»»

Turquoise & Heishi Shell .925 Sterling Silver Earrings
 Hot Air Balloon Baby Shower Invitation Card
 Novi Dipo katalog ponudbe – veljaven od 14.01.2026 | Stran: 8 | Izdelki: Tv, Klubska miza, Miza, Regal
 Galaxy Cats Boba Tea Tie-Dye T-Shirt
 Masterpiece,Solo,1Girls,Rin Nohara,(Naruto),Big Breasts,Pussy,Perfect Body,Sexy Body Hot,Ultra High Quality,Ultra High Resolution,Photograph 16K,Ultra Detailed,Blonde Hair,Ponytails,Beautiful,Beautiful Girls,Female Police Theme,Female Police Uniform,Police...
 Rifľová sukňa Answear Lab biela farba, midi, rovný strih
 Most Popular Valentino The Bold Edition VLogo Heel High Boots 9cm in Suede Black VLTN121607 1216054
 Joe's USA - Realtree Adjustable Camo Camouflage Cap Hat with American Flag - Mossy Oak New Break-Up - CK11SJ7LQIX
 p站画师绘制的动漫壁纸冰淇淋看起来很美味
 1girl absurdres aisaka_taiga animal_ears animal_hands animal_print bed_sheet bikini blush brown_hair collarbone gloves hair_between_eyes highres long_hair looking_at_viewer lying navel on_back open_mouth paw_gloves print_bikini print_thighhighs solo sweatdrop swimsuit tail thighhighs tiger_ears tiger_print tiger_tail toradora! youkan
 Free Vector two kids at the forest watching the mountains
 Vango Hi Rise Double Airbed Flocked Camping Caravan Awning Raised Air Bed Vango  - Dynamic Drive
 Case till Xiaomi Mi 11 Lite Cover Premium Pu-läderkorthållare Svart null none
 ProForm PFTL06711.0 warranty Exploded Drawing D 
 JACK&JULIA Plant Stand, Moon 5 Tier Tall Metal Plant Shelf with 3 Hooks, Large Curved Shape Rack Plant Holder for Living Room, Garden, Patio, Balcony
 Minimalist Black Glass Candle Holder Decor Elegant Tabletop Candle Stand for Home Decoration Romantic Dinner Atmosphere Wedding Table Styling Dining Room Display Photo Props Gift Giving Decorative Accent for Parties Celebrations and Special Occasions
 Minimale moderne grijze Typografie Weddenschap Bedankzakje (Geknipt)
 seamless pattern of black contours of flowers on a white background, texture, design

««

◆ Task requirements:
Start with the line above that contains "Galaxy Cats Boba Tea Tie-Dye T-Shirt" and stop after the line that contains "ProForm PFTL06711.0 warranty". Output those lines exactly, and only those.

◆ Task output:
 Galaxy Cats Boba Tea Tie-Dye T-Shirt
 Masterpiece,Solo,1Girls,Rin Nohara,(Naruto),Big Breasts,Pussy,Perfect Body,Sexy Body Hot,Ultra High Quality,Ultra High Resolution,Photograph 16K,Ultra Detailed,Blonde Hair,Ponytails,Beautiful,Beautiful Girls,Female Police Theme,Female Police Uniform,Police...
 Rifľová sukňa Answear Lab biela farba, midi, rovný strih
 Most Popular Valentino The Bold Edition VLogo Heel High Boots 9cm in Suede Black VLTN121607 1216054
 Joe's USA - Realtree Adjustable Camo Camouflage Cap Hat with American Flag - Mossy Oak New Break-Up - CK11SJ7LQIX
 p站画师绘制的动漫壁纸冰淇淋看起来很美味
 1girl absurdres aisaka_taiga animal_ears animal_hands animal_print bed_sheet bikini blush brown_hair collarbone gloves hair_between_eyes highres long_hair looking_at_viewer lying navel on_back open_mouth paw_gloves print_bikini print_thighhighs solo sweatdrop swimsuit tail thighhighs tiger_ears tiger_print tiger_tail toradora! youkan
 Free Vector two kids at the forest watching the mountains
 Vango Hi Rise Double Airbed Flocked Camping Caravan Awning Raised Air Bed Vango  - Dynamic Drive
 Case till Xiaomi Mi 11 Lite Cover Premium Pu-läderkorthållare Svart null none
 ProForm PFTL06711.0 warranty Exploded Drawing D 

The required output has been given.